## Problem requirements
In the material below, please retype the lines from the very first through the one with "a bathroom with", exactly and without pictures.

## Extracted entries
-- Opening Marker --

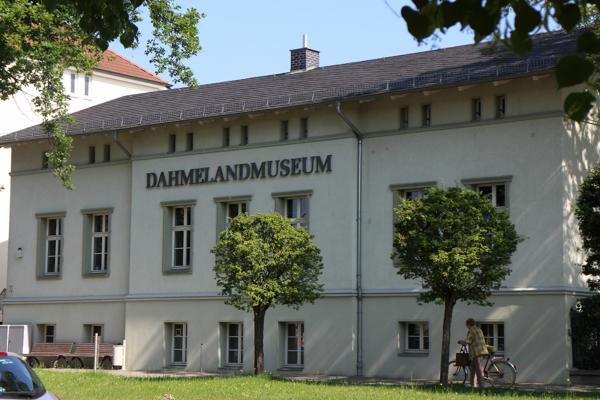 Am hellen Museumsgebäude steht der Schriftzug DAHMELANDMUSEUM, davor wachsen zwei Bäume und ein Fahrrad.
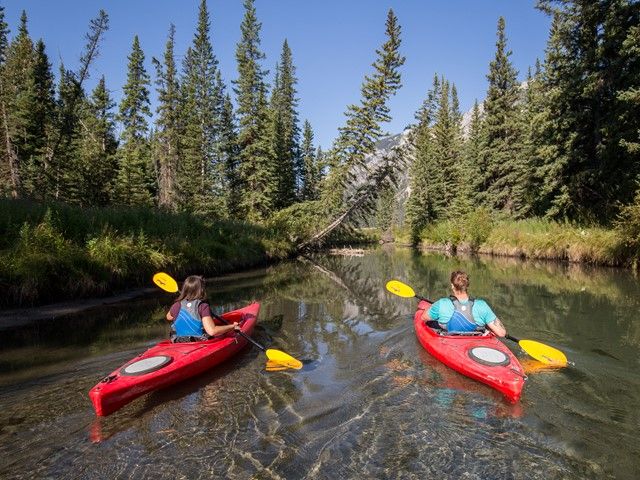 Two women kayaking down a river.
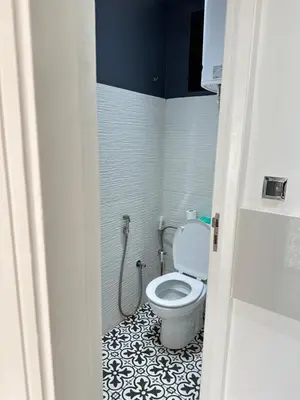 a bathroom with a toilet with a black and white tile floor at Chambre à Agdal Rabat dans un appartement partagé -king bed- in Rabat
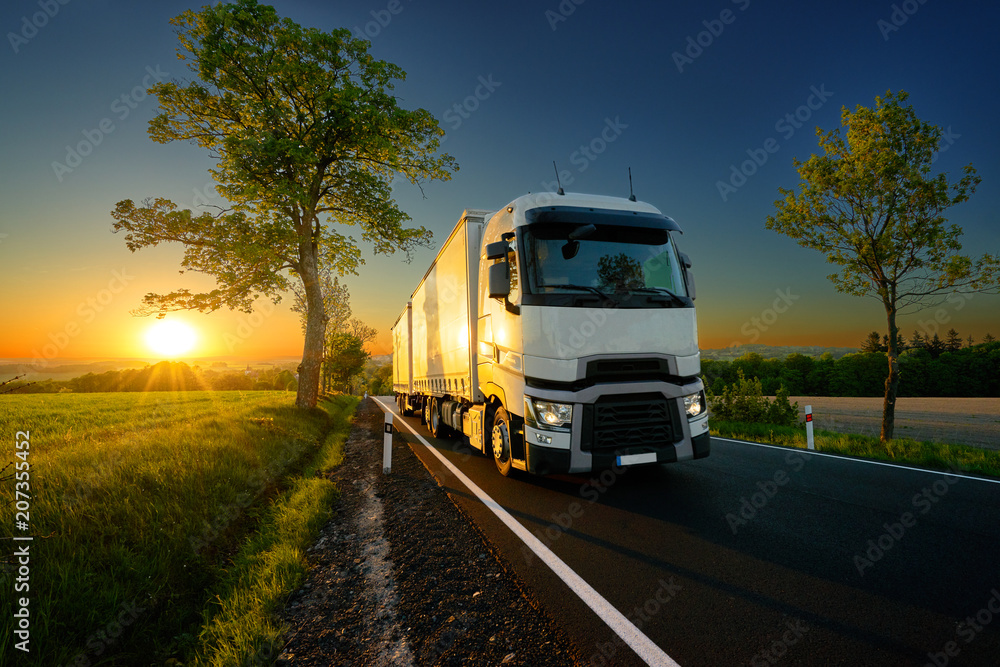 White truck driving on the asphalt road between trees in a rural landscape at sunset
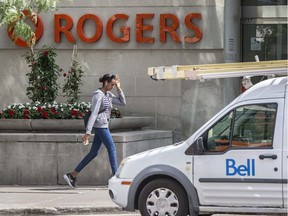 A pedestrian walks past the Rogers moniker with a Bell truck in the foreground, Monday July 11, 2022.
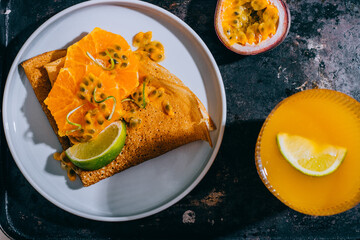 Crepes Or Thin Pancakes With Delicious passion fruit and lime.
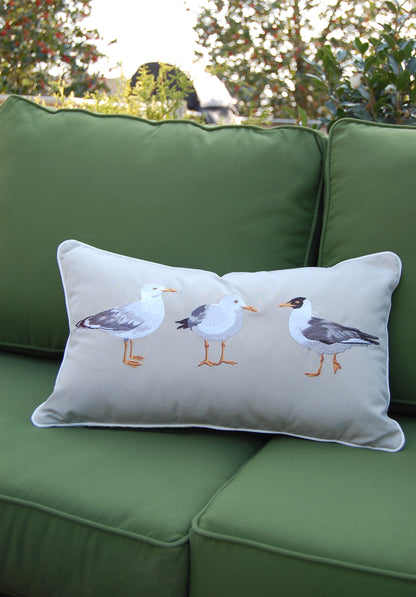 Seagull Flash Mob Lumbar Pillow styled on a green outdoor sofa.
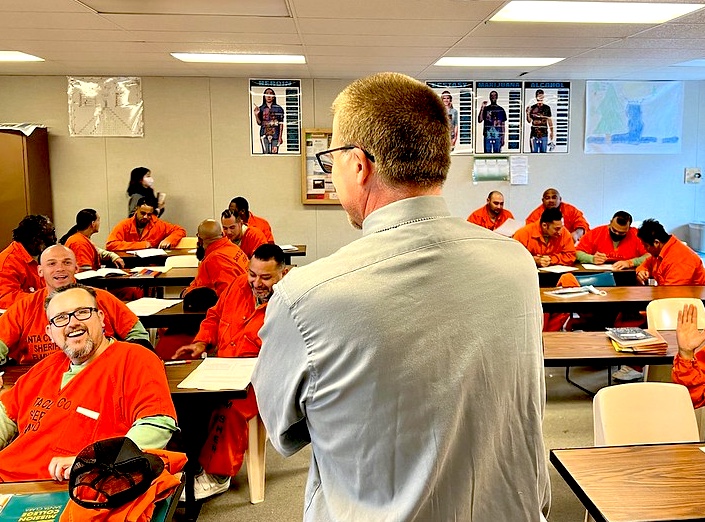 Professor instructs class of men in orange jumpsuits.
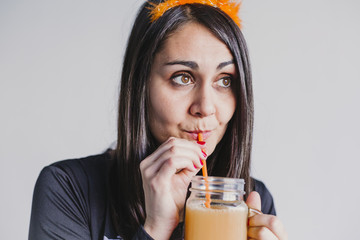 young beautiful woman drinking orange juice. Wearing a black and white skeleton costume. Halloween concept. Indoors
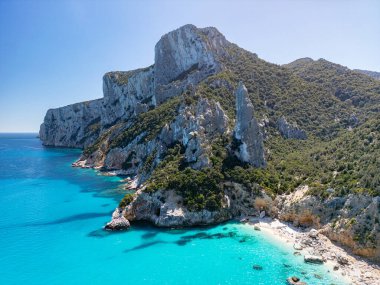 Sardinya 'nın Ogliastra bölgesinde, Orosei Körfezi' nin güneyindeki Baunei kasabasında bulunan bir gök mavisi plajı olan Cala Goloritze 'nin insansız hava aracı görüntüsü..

-- Closing Marker --

## Written solution
 Am hellen Museumsgebäude steht der Schriftzug DAHMELANDMUSEUM, davor wachsen zwei Bäume und ein Fahrrad.
 Two women kayaking down a river.
 a bathroom with a toilet with a black and white tile floor at Chambre à Agdal Rabat dans un appartement partagé -king bed- in Rabat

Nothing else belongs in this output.